§ **Task prompt**
Give back every record below word for word, with the pictures omitted.

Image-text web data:

--- --- ---

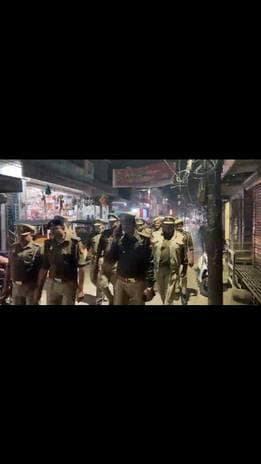 शाहजहांपुर क्षेत्राधिकारी नगर पंकज पंत द्वारा नगर क्षेत्र में सुरक्षा एवं शांति व्यवस्था के दृष्टिगत थाना कोतवाली व थाना...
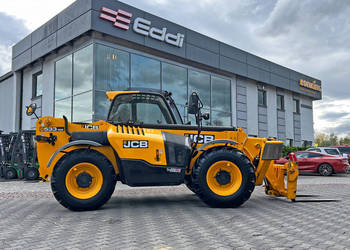 Ładowarka teleskopowa JCB 533-105 diesel 10,5 m 3300 kg | 2016 Ładowarka teleskopowa JCB 533-105 diesel 10,5 m 3300 kg | 2016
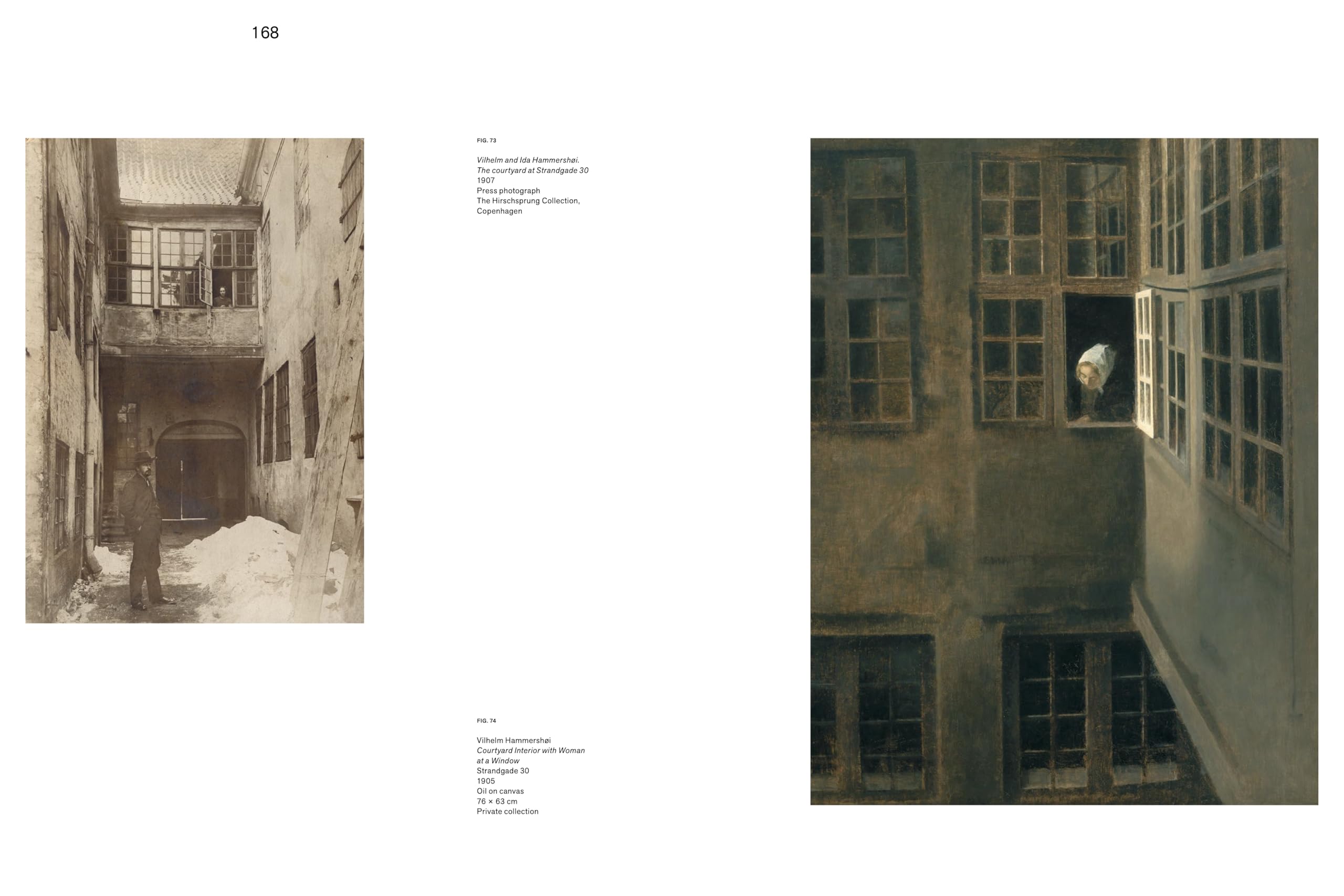 Vilhelm Hammershøi: Painting as Poetry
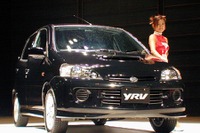 【新ジャンル! ダイハツ『YRV』Vol. 5】ウチの看板です 画像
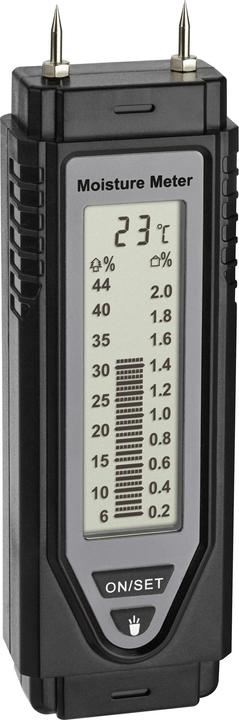 TFA HUMIDCHECK material moisture meter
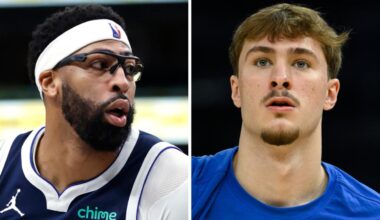 Dallas Mavericks analysis, Cooper Flagg, Anthony Davis, Kyrie Irving, trades, future draft picks, latest news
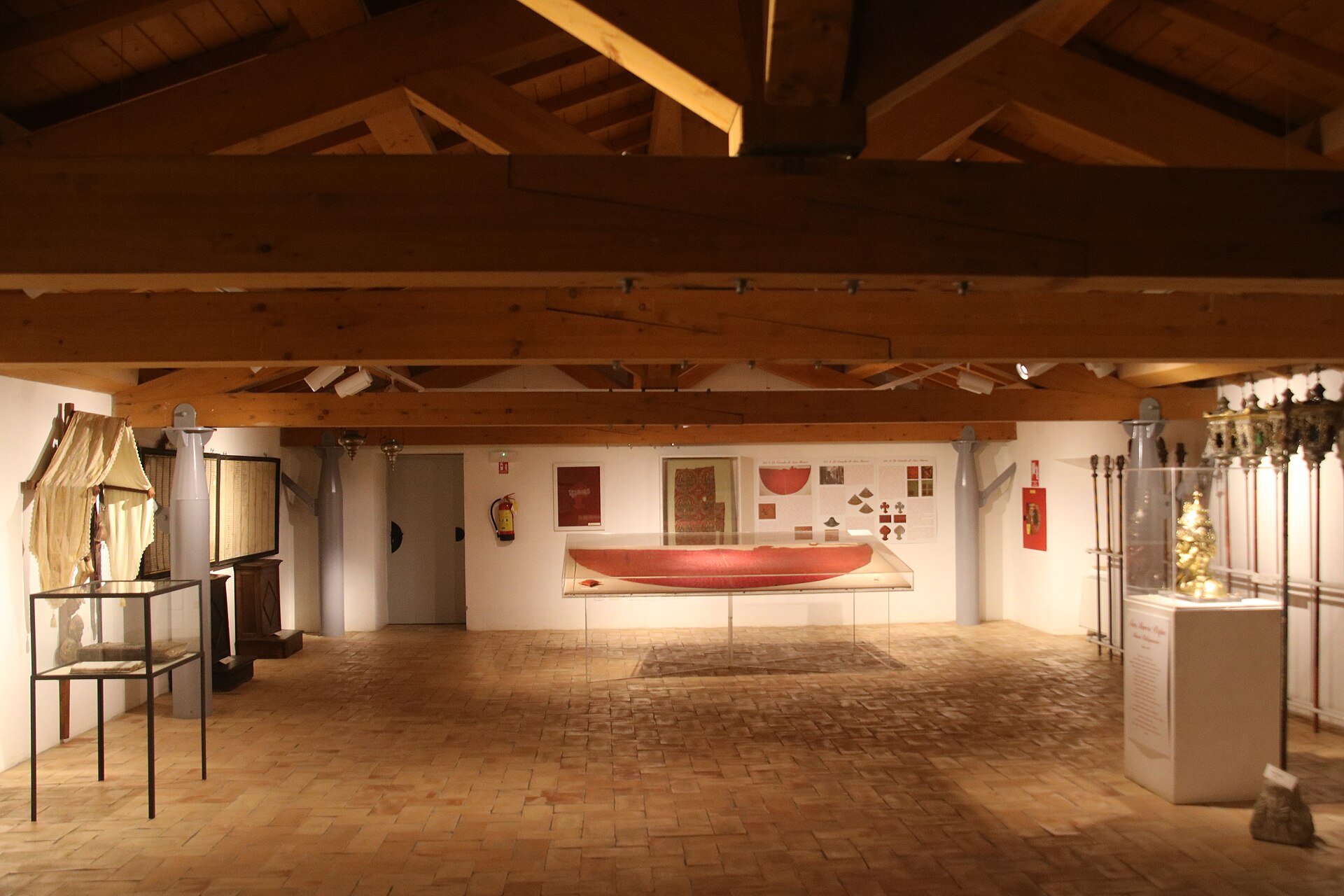 Museo d'arte sacra Don Roberto Corvini — Punto di interesse , Roma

--- --- ---

§ **Response below**
 शाहजहांपुर क्षेत्राधिकारी नगर पंकज पंत द्वारा नगर क्षेत्र में सुरक्षा एवं शांति व्यवस्था के दृष्टिगत थाना कोतवाली व थाना...
 Ładowarka teleskopowa JCB 533-105 diesel 10,5 m 3300 kg | 2016 Ładowarka teleskopowa JCB 533-105 diesel 10,5 m 3300 kg | 2016
 Vilhelm Hammershøi: Painting as Poetry
 【新ジャンル! ダイハツ『YRV』Vol. 5】ウチの看板です 画像
 TFA HUMIDCHECK material moisture meter
 Dallas Mavericks analysis, Cooper Flagg, Anthony Davis, Kyrie Irving, trades, future draft picks, latest news
 Museo d'arte sacra Don Roberto Corvini — Punto di interesse , Roma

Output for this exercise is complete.